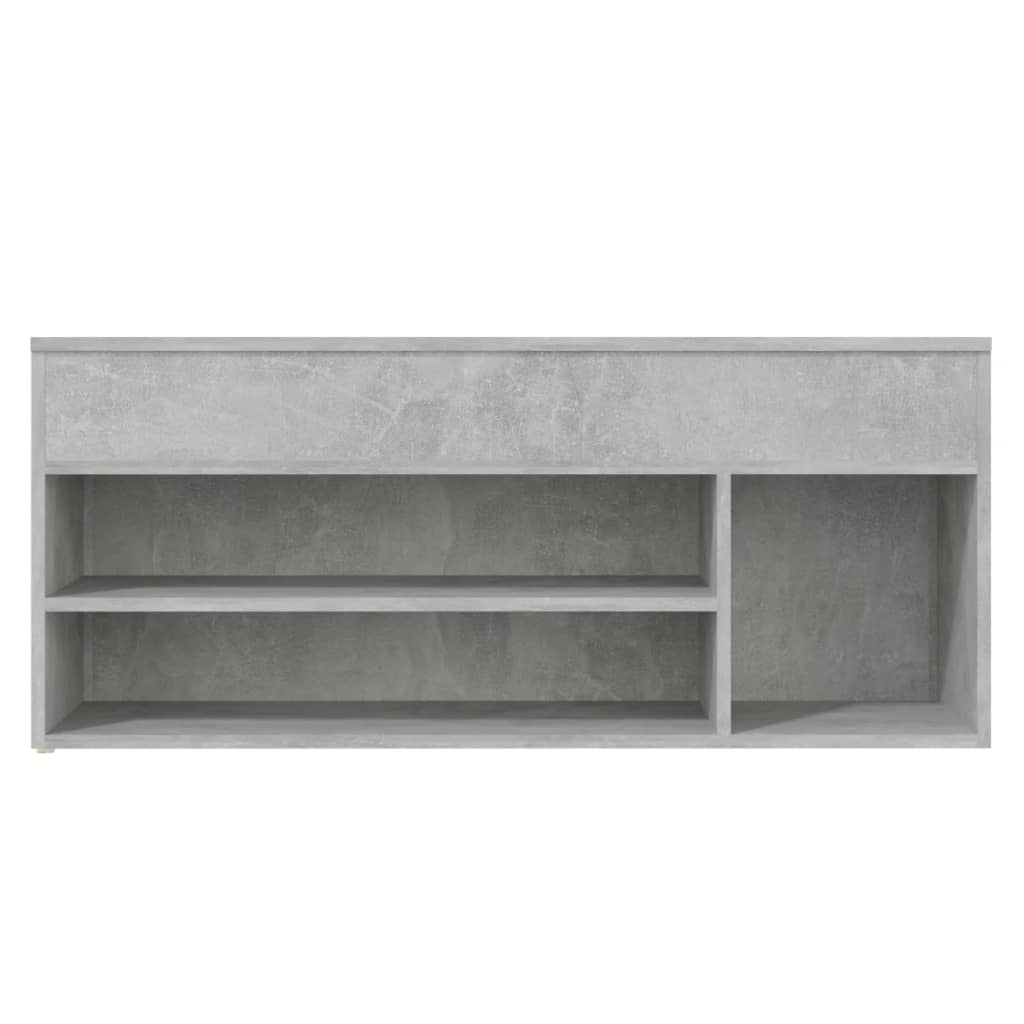 Shoe Bench Concrete Grey 105x30x45 cm Engineered Wood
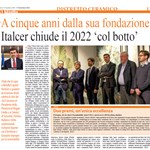 A CINQUE ANNI DALLA SUA FONDAZIONE, ITALCER CHIUDE IL 2022 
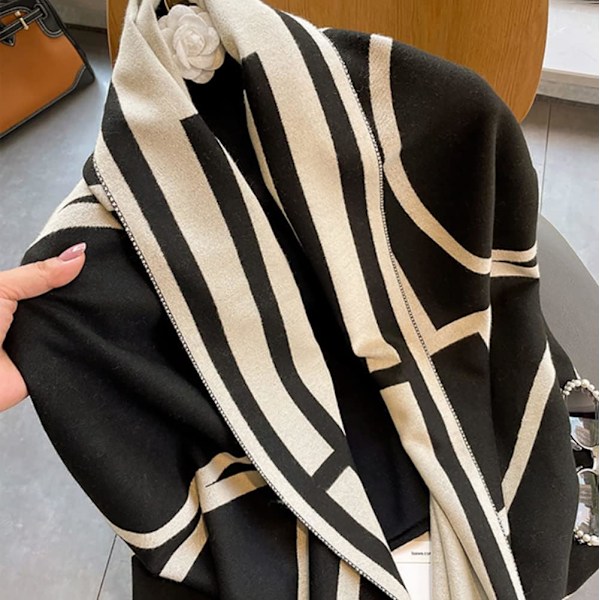 Cashmere-følelse Sjal Vintervarm Stor Blød Sjal Wrap Sjal til Kvinder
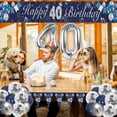 thumbnail image 6 of 40th Birthday Decorations, Navy Blue Silver 40th Happy Birthday Banner with Balloons, Men 40 Years Old Birthday Backdrop Yard Signs Forty Birthday Decor Supplies, 6 of 7
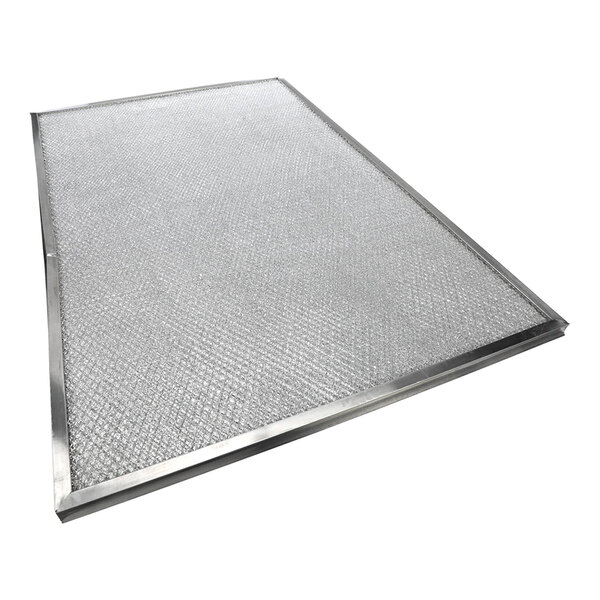 A rectangular metallic mesh panel with a silver frame, viewed from an angle.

§ Work instruction: Repeat all the records exactly, images excluded.

§ Result for this exercise:
 Shoe Bench Concrete Grey 105x30x45 cm Engineered Wood
 A CINQUE ANNI DALLA SUA FONDAZIONE, ITALCER CHIUDE IL 2022 
 Cashmere-følelse Sjal Vintervarm Stor Blød Sjal Wrap Sjal til Kvinder
 thumbnail image 6 of 40th Birthday Decorations, Navy Blue Silver 40th Happy Birthday Banner with Balloons, Men 40 Years Old Birthday Backdrop Yard Signs Forty Birthday Decor Supplies, 6 of 7
 A rectangular metallic mesh panel with a silver frame, viewed from an angle.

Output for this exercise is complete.